Suivre son conjoint en expatriation implique des changements conséquents, parfois professionnels car certains sont obligés d’abandonner leur activité. Ce changement de statut augmente souvent la dépendance financière du conjoint sans emploi. Cette dernière se fait d’autant plus ressentir à la retraite.
Quelques chiffres pour commencer : aujourd’hui, un jeune cadre croit encore que sa retraite sera entre 60% et 70% de son dernier salaire. Or, les dernières simulations de l’INSEE donnent une moyenne comprise entre 40% et 50% du dernier salaire. Dans ce cadre, la réversion au conjoint survivant serait comprise entre 16% et 24% de la dernière pension du défunt.
Ainsi, on peut légitimement s’inquiéter du niveau des pensions pour nos compatriotes ayant cessé leur travail durant leur expatriation. Durant ce laps de temps, ils ne pourront en aucun cas bénéficier des points de retraite.

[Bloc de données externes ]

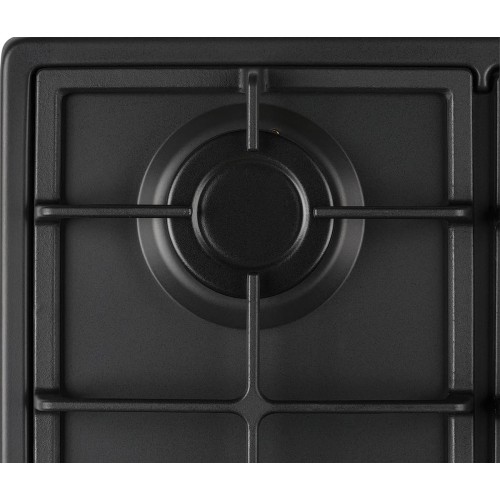 Газовая варочная панель KRONA NOVANTA 90 AN с подставкой WOK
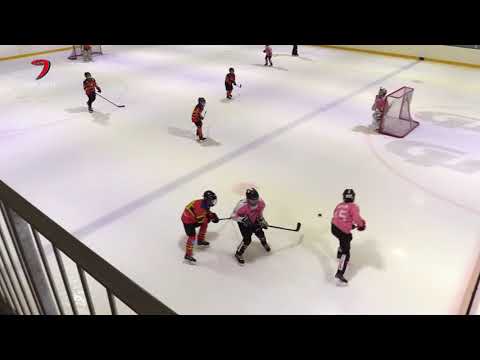 F1 Hippoliiga JYP E-tytöt - Diskos 10.3.2018 Buugi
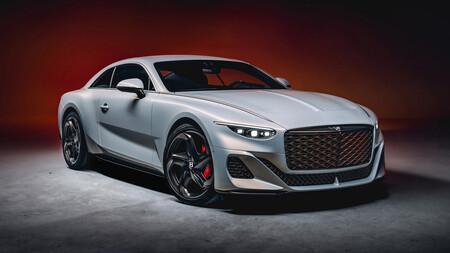 Bentley Batur 1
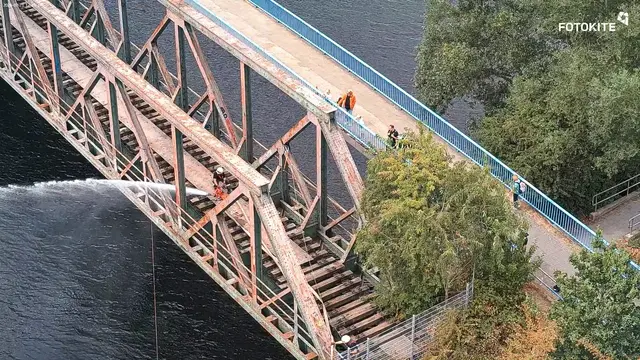 Foto: Feuerwehr Bochum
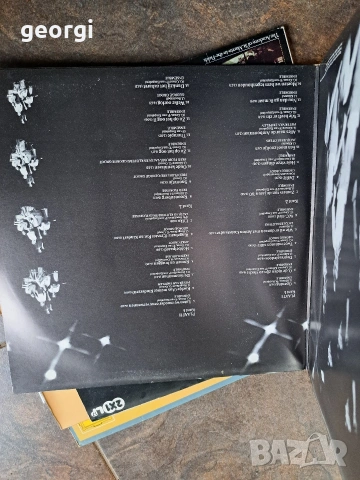 8 грамофонни плочи с оперна и класическа музика 32/6, снимка 7 - Грамофонни плочи - 53266432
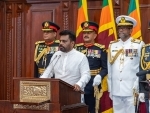 Left-leaning Anura Dissanayake takes oath as Sri Lankan president, promises to usher in a new era of Renaissance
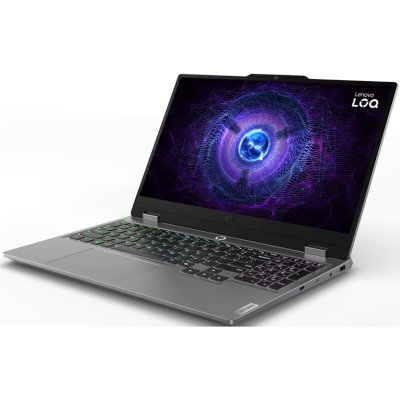 ноутбук Lenovo LOQ 15IAX9 83GS00EPRK Серый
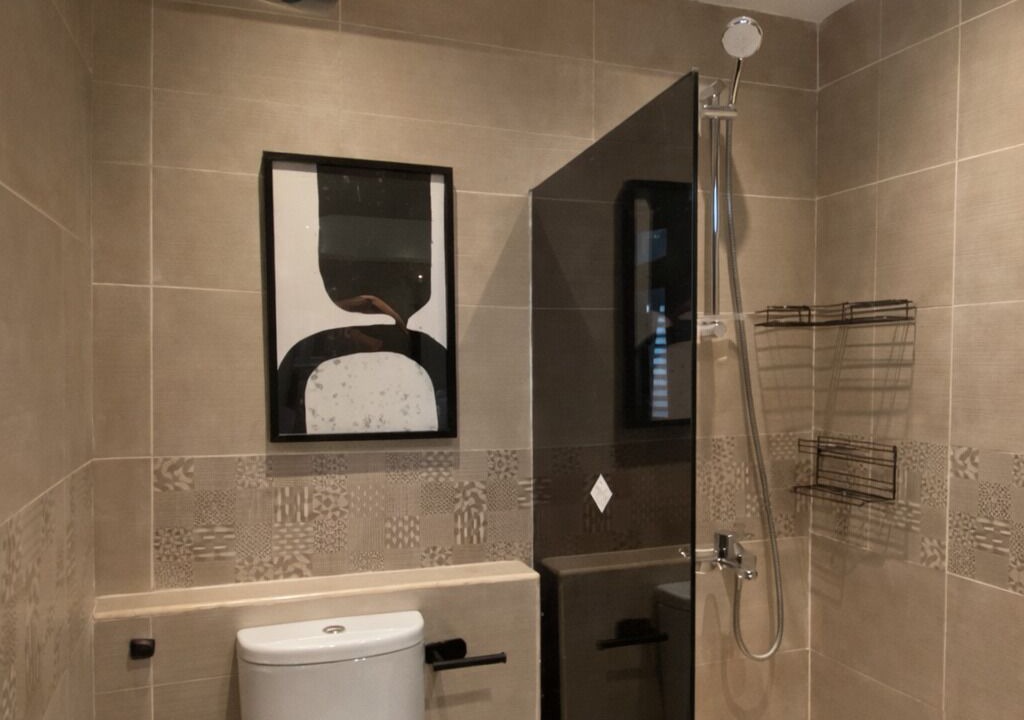 Photo of Bathroom in Madinaty
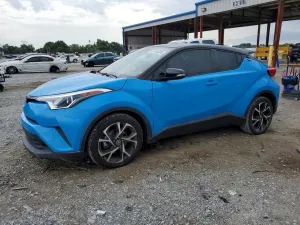 Toyota C-HR 2.0L 4 2019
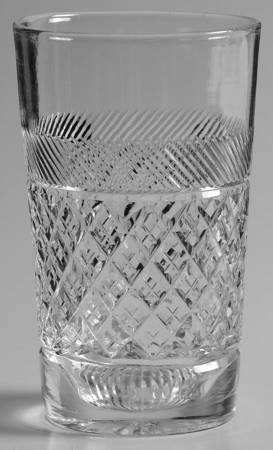 Holbein 10 Oz Flat Tumbler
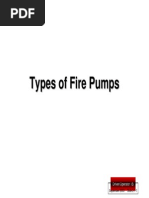 1B 2 1 Types Fire Pumps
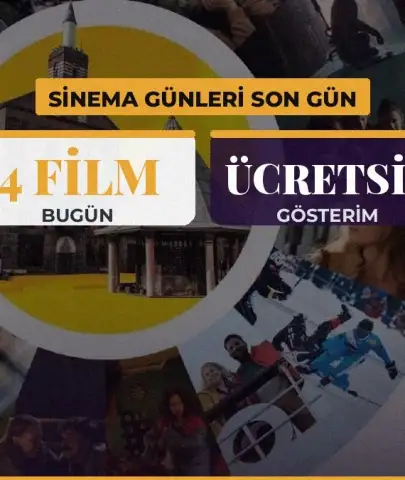 Avrupa Sinema Günleri'nde son gün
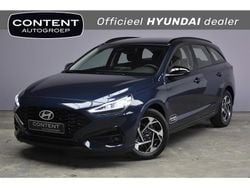 Blauw Gebruikt 2025 Hyundai i30 Comfort Stationwagen | € 34.940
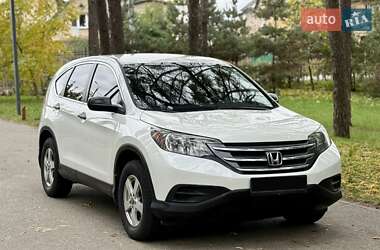 Позашляховик / Кросовер Honda CR-V 2015 в Києві
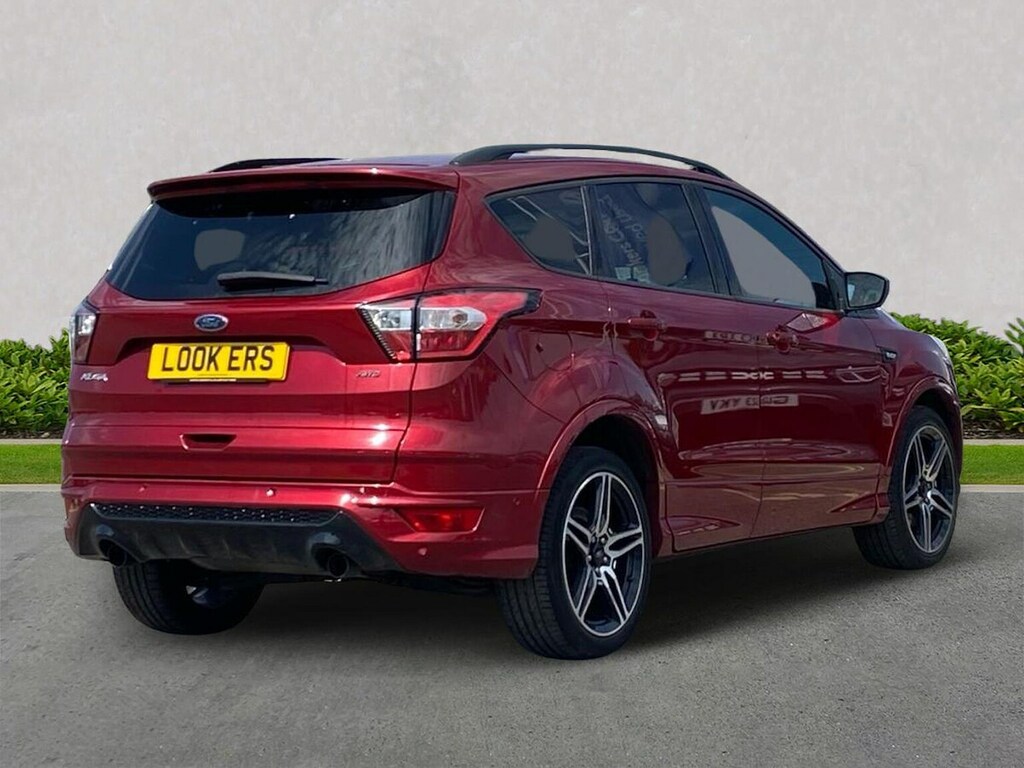 Ford Kuga 2.0 Tdci Titanium Edition 2Wd Grey #18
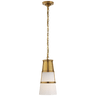 Robinson Medium Pendant, a premium Pendant light by VCGallery Italy. Close - up image of its design.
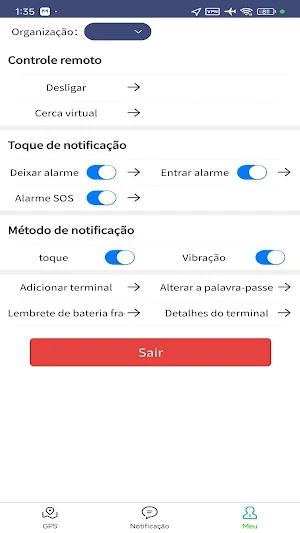 UltraRastro Airtag Screenshot 3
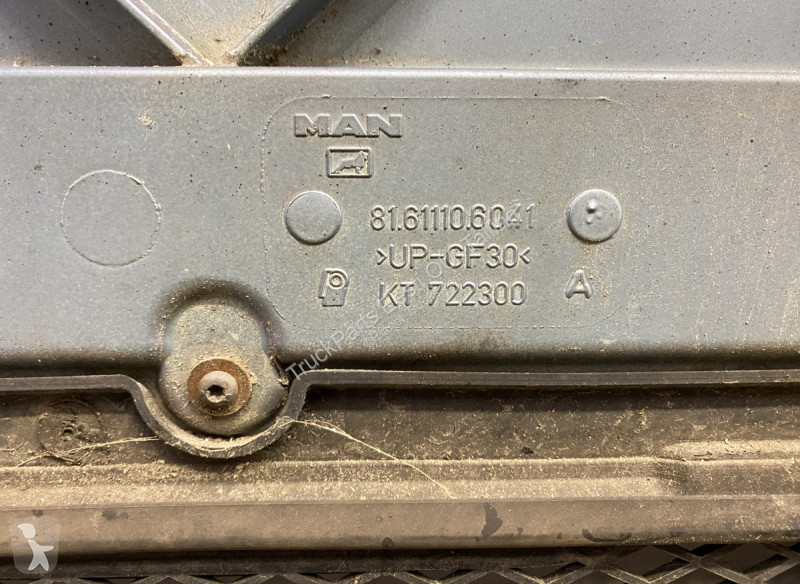 Náhradní díly pro kamiony MAN TGX 26.540 (01.07-)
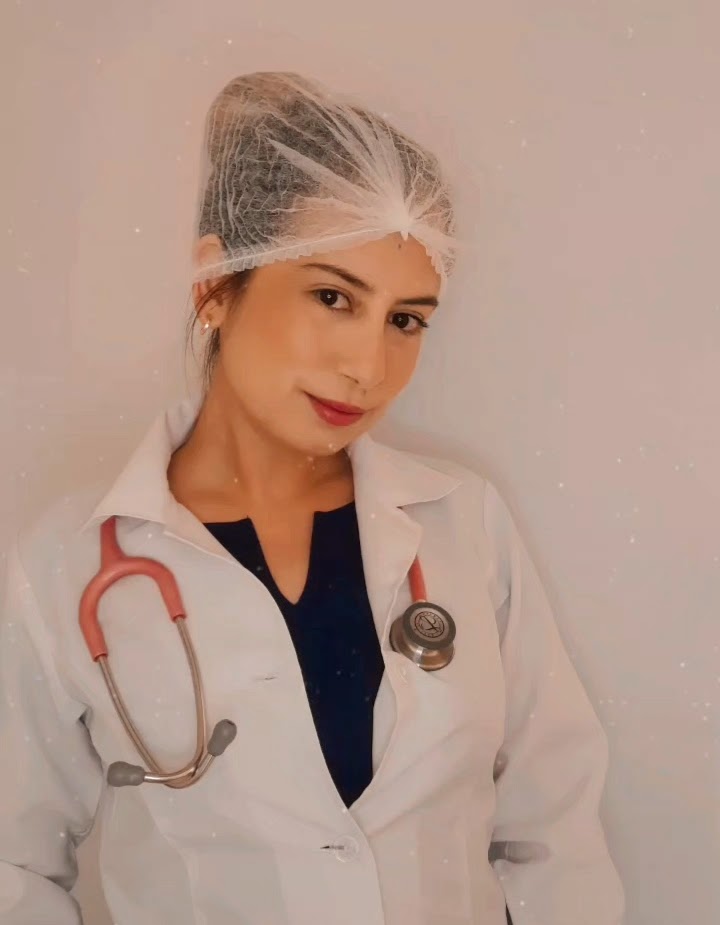 Professor RAFAELI FAGA DANIEL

Les mois ou les années sont donc perdus. Ce problème peut être en outre aggravé par une éventuelle séparation du couple, suivie d’un remariage. En effet, dans ce cas, la réversion est calculée au prorata des années de mariage.
Il devient donc impératif (dans l’attente d’une éventuelle réforme, qui améliorerait la situation), de penser à des solutions individuelles de protection sociale :
- La Caisse des Français de l’étranger (CFE) : pour assurer une continuité avec le régime de retraite de base français, le conjoint peut s’inscrire auprès de la CFE, au régime d’assurance vieillesse des personnes chargées de famille. Cette solution est particulièrement intéressante pour les expatriations provisoires, car elle permet de garder un lien avec la Sécurité sociale française. Elle permet ainsi d’assurer une transition vers la reprise d’activité lors du retour en France. Cependant, cette solution reposant sur la cotisation volontaire est très onéreuse. Sans réforme de la CFE, il est préférable que cette solution soit provisoire. Sur le long terme, il convient donc d’envisager des solutions privées. Il existe ainsi de nombreuses sociétés françaises spécialisé dans le conseil prévoyance des français expatriés, qui peuvent être source d’appui pour nos compatriotes.
- Le rachat de trimestres : de 1045 € à 6167 € en fonction de l’âge et des revenus. Il s’agit d’une dépense importante qui ne se justifie que si elle procure un gain de retraite.
- Les contrats d’assurance-vie: il s’agit d’enveloppes juridiques et fiscales visant à constituer un capital à partir d’une épargne régulière ou ponctuelle. A terme, ce capital génèrera un revenu complémentaire sous forme de rente viagère ou de retraits partiels.
- L’ immobilier : il s’agit la plupart du temps d’une acquisition à crédit. Les différentes lois fiscales sont également incitatives ; cependant, elles ne concernent que les expatriés qui paient leur impôt en France (c’est le cas des fonctionnaires). Une majorité d’investisseurs n’envisagent pas de revendre au terme de l’avantage fiscal. Ainsi, le loyer perçu permet de constituer un revenu d’appoint aux faibles pensions de retraite.
Cependant, ces solutions demeurent complémentaires et aléatoires :
- Complémentaires, car elles viennent apporter un revenu supplémentaire qui vient s’ajouter à une pension retraite souvent basse. Elles ne doivent donc pas être perçues comme des revenus de substitution. Cela serait en effet dangereux car les revenus obtenus de tels placements sont très fluctuants et incertains. Ainsi, penser ces revenus en terme de substitution revient à prendre le risque de n’en avoir aucun au moment de la retraite.
- Aléatoires, car ces placements demeurent des placements financiers. La valeur de l’assurance vie (surtout quand celle-ci est composée majoritairement d’actions) et de l’immobilier demeure conjoncturelle. De fait, l’épargnant n’est pas à l’abri d’un effondrement de la valeur de son épargne, comme le démontre le krach de ces derniers mois.
La solution optimale reste donc de repenser notre système de protection sociale, et en particulier les retraites, pour que celui-ci soit plus juste et plus solidaire.